+Richard on the new atheists

Don’t miss Richard Holloway’s  book review on The Atheist’s Guide to Christmas. Here’s the full link.

And here is a highlight:

That said, this book is fun, especially if you read it as a prospectus for a complex and varied religious position. The comedians in it – and there are too many of them – all sound like clergy on Thought for the Day trying to lure your attention with terrible jokes and really annoying word-play. Of course, no book of this sort would be complete without a contribution from the Apostle to the Godless himself, the Venerable Richard Dawkins, and you will not be disappointed. When, after his birth, the Good Fairy visited Richard in the manger where they laid him, she showered upon him almost every gift a man could desire: physical beauty; a voice as bewitching as the tone of a silver flute; a prodigious intellect; a Napoleonic capacity for hard work; and wit as sharp and darting as a rapier. But in order to save him from the fate that befell that other great Angel of Light, she deprived him of a sense of humour – without which it is impossible to understand religion, the joke the universe has played on humanity, with a punch-line that can’t be delivered until the end of time.

There is probably no God…

There is a report in today’s Evening News suggesting that atheists in Edinburgh are looking into the possibility of buying advertising space on Edinburgh’s buses. This is apparently following the lead of Richard Dawkins who is sponsoring such ads in London.

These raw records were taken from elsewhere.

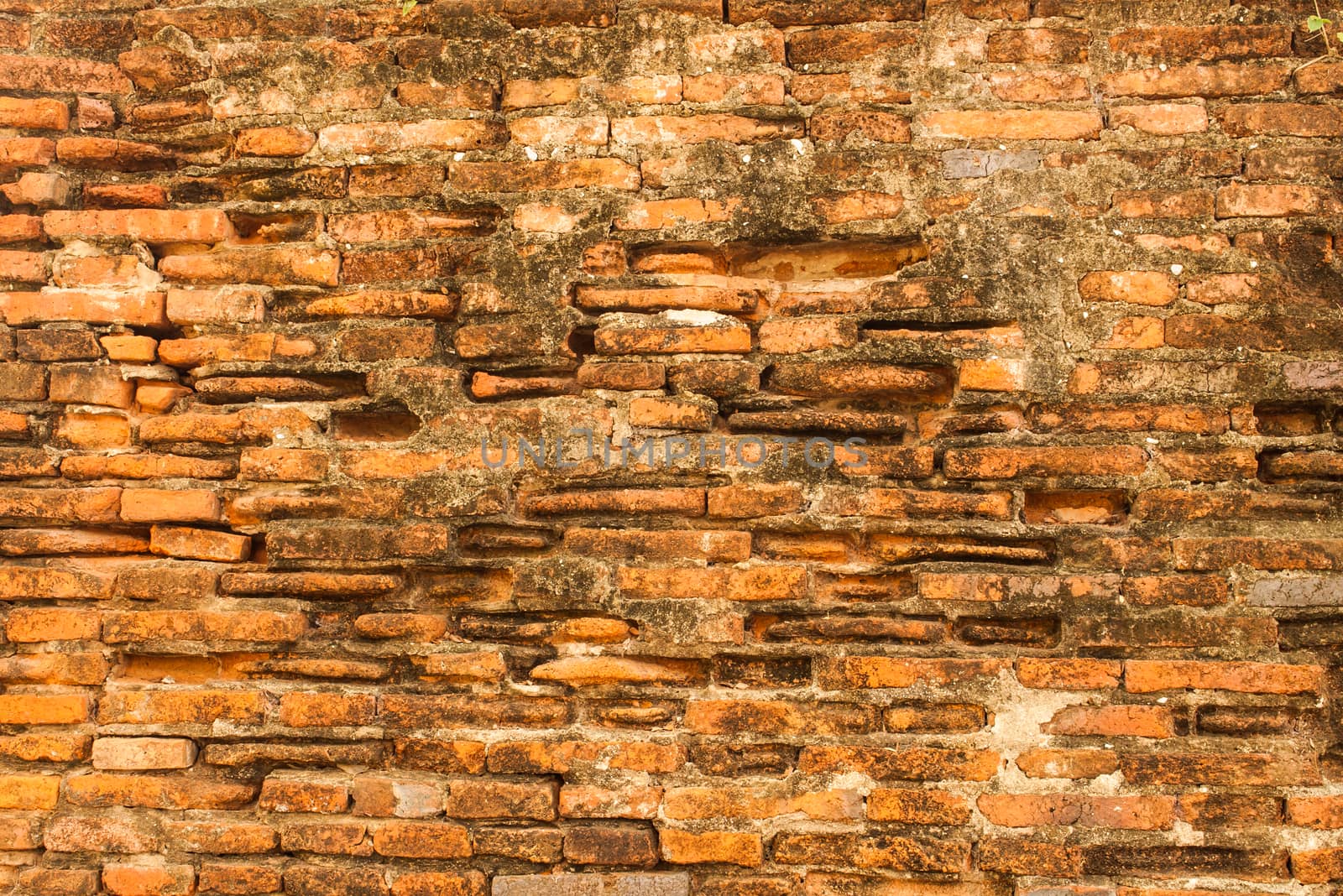 orange brick wall vintage background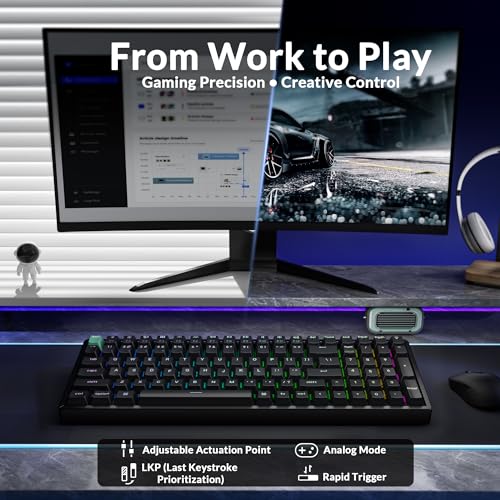 Keychron K4 HE 96% Wireless Hall Effect Keyboard with Number Pad, Rapid Trigger Magnetic Switches, QMK Launcher, 2.4GHz/Bluetooth/Wired, Mac & Windows, Aluminum Frame, Black (Shine-Through) - color: Standard Version Black
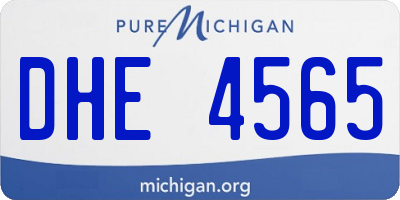 MI license plate DHE4565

I remember that when I was in TISEC, we had a speaker who was thinking about putting ads for his church (a prominent one which stands at one end of Princes St) on every bus in town. The slogan that he had devised was dusted with brilliance. It was: ‘We Still Have Matins!’

Now, which slogan would cheer you most?

‘We Still have Matins!’
‘There’s probably no God. Now stop worrying and enjoy your life.”